In the process of faith the real test is the time between a total commitment and the time  when God brings about the fulfillment. It’s especially trying when God—for His own reasons—says “wait.” Tension increases when others question, ridicule, criticize or accuse us of being presumptuous to the point where we ourselves are shaken. That’s when we begin to question: Did God really speak? Were we presumptuous? Presumption is overstepping God’s leading, or attempting to force one’s desire upon God, or the result of an arrogant heart attitude.

For Abe there had been that clear and definite sense of divine appointment as described in chapter 10 of Shiny Shoes when he’d gone to the roof of Biola’s old campus to seek God’s guidance, and had been given a firm assurance of God’s hand upon him.

When facing such an emotional dilemma, it’s often helpful to seek out a seasoned servant of God who is willing to listen objectively. In their case they met with the pastor of the Evangelische Kerk who shared their concern and prayed with them. It was then that they all came to the conclusion that God’s answer was: “Wait and trust.”

Hebrews 11:1 reads, “Now faith is the substance of things hoped for, the evidence of things not seen.” In other words faith is not faith if one already knows the outcome. Faith is casting oneself totally and unconditionally upon God.

Abe himself commented on the incident in the following chapter, Sailing Shoes Facing New Horizons:

“With the passing of time one can look back at the pattern of one’s footprints on the trail of life and trace a design not visible at the time those footprints were made. Later we’d marvel at God’s wisdom in delaying us in Belgium long enough to learn some basic French and to establish a bond with the Belgian people. These two elements were essential in preparing us for ministry that would surpass our wildest dreams.

The Reward of Faith

“Now, with the funds in hand, we booked passage for July 11, 1933. We were thrilled when we held in our hands the long-awaited tickets that would take us to Africa…

“The church gave Elizabeth Lemière and us a touching send-off after the morning service.
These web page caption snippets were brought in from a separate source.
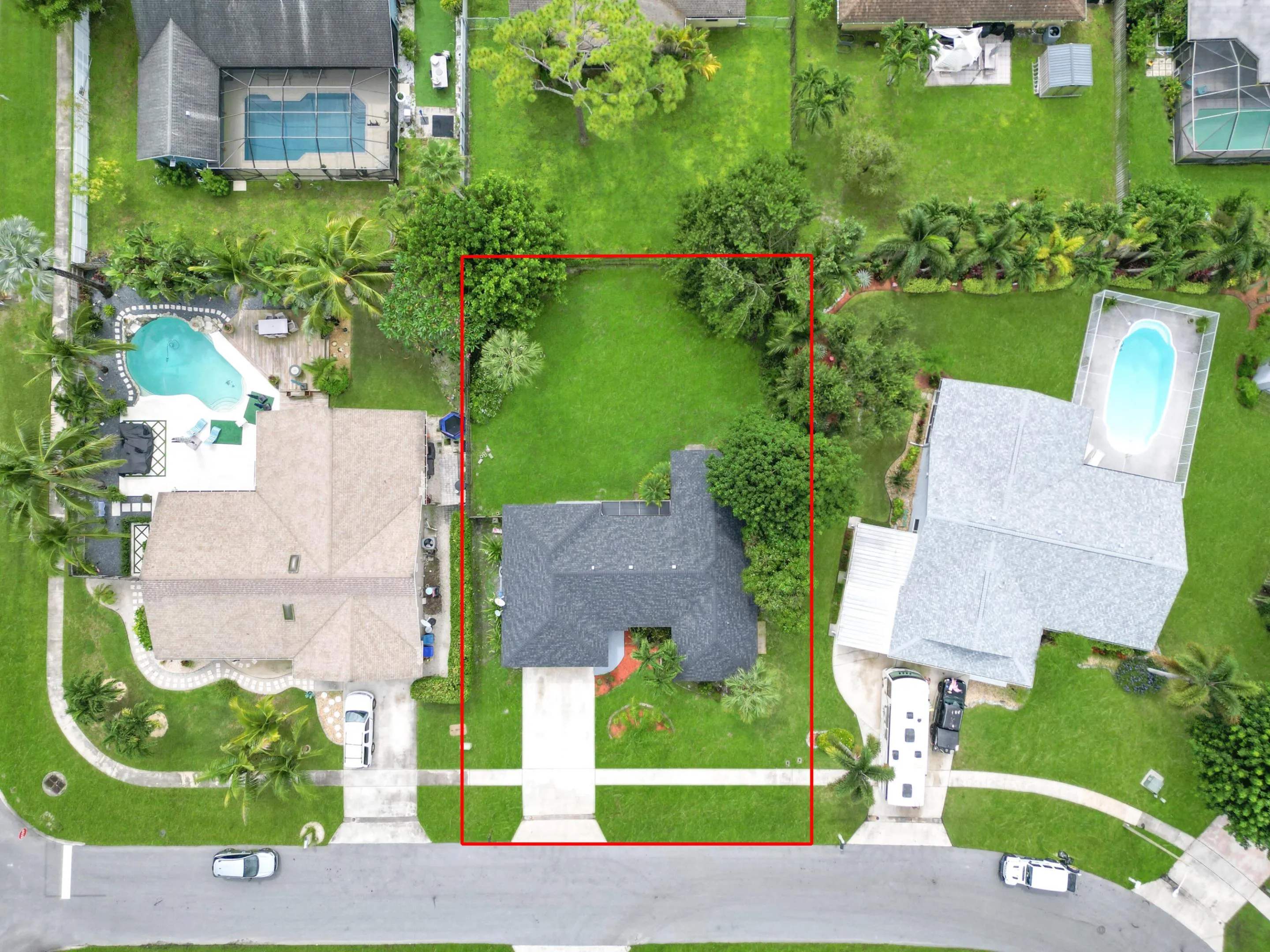 Single-story residence with a gray shingle roof, concrete driveway, and a large grassy yard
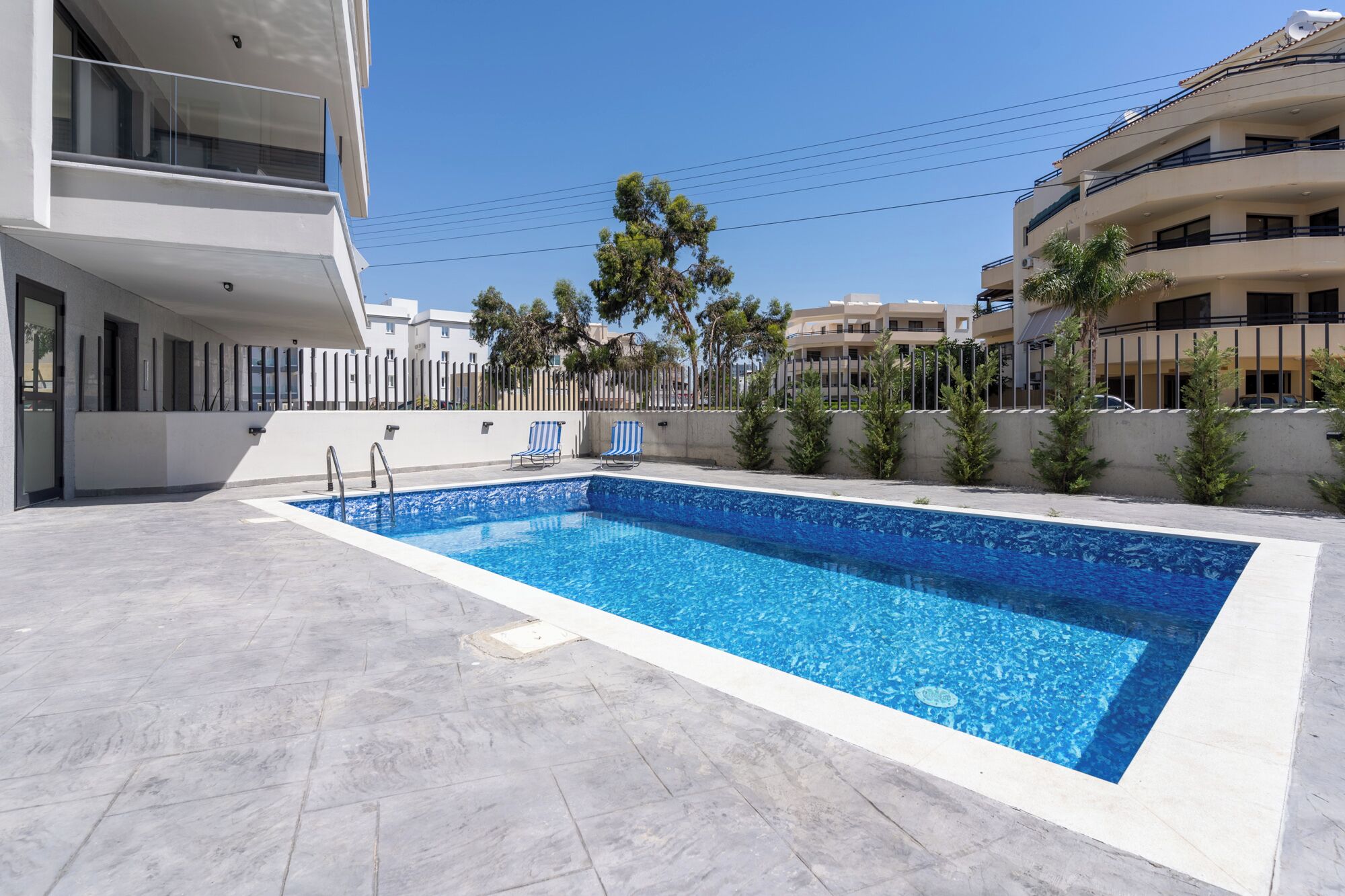A rectangular swimming pool with a clear blue water surface, surrounded by a tiled deck.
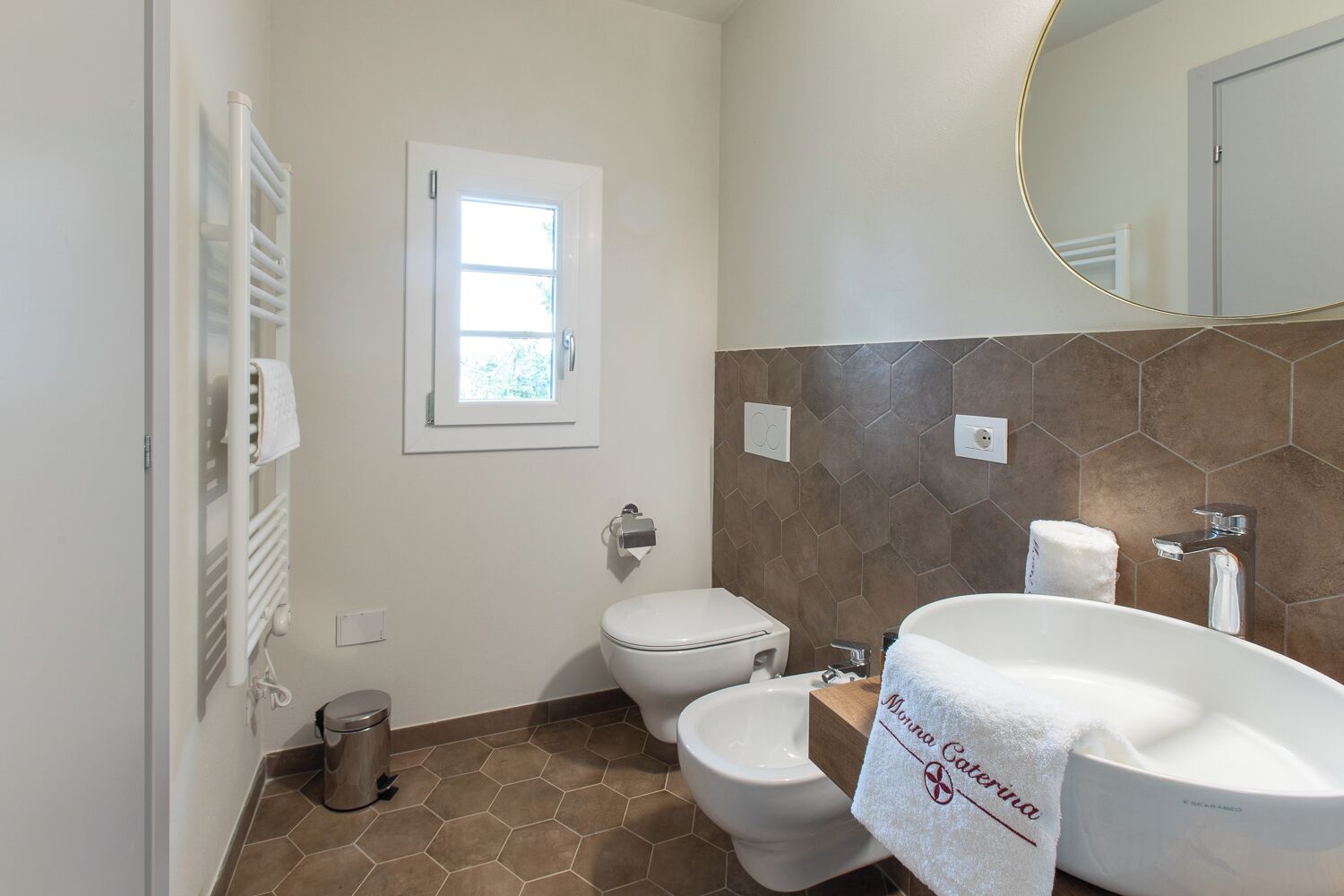 Un baño con inodoro, bidé y un lavabo grande con espejo arriba.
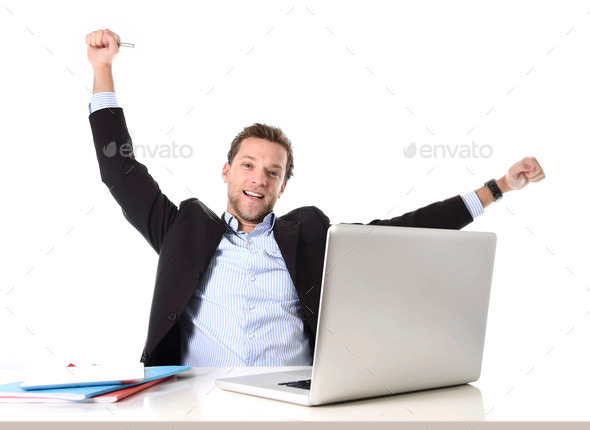 young attractive businessman happy and at office work sitting at computer desk satisfied celebrating (Misc) Photo Download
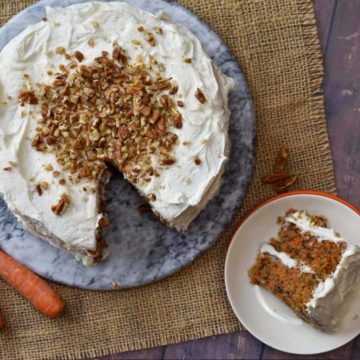 overhead shot of pecan carrot cake with a slice on a plate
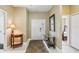 Bright foyer with neutral walls, tile floors, and views into the home's interior at 1304 Sea Pines Way, Davenport, FL 33896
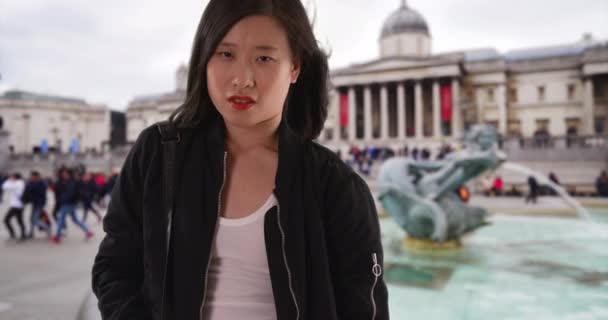 Londra 'da tatilde elleri ceplerinde siyah bombacı ceketi giyen Çinli bir kadın. Asyalı milenyum turisti İngiltere 'de tatilde. 4k - Video, Çekim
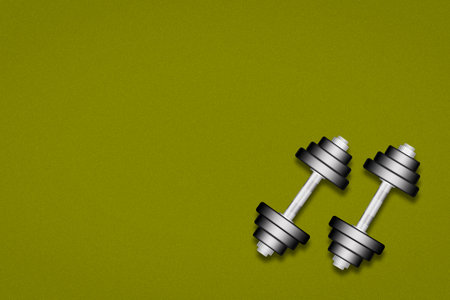 Two dumbbells on a green background. Top view. Copy space. Place for text. Sports equipment, gym, fitness. Sports background.の写真素材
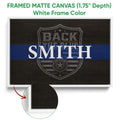 White framed canvas police wall art with a blue stripe and shield badge design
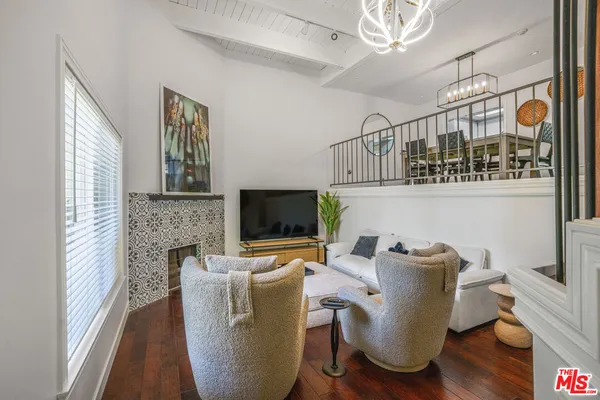 a view of a livingroom with furniture and a flat screen tv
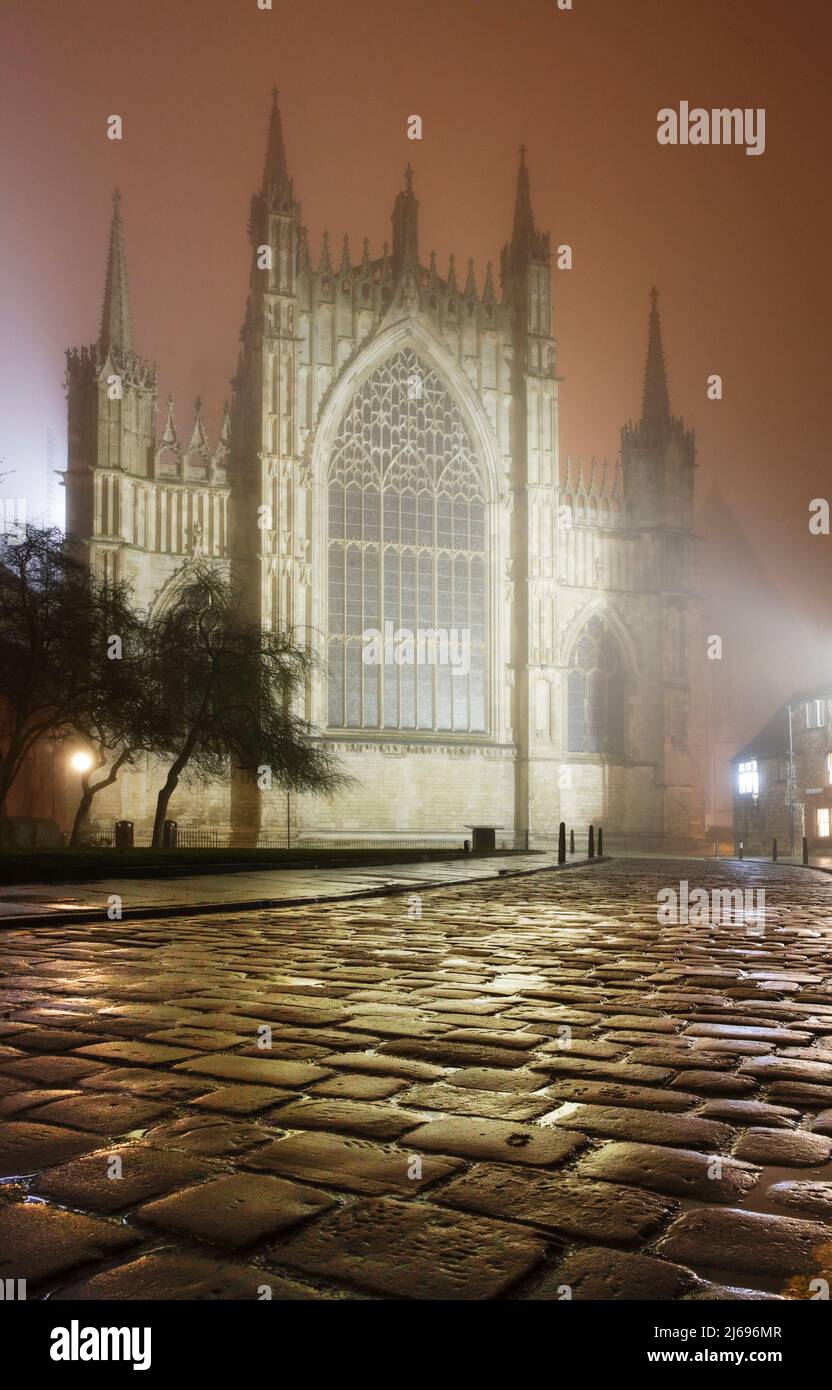 Eine stimmungsvolle, neblige Winteransicht von York Minsters Ostfenster nach Einbruch der Dunkelheit, York, Yorkshire, England, Großbritannien Stockfoto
Emotion-packed speeches were given, followed by prayers of dedication and intercession mixed with songs of praise…

“then gathered outside for a memorable picture taken by a professional photographer…

“The next morning I rented a handcart. After loading all our belongs, the three of us set off across the cobblestones to the boat.

A good group of friends came to the Antwerp harbor to see us off. When the boat pulled out at 2 P.M. the hankerchiefs waving in tshe wind were as the sweet breath of the Spirit filling our sails and blowing us out to sea.”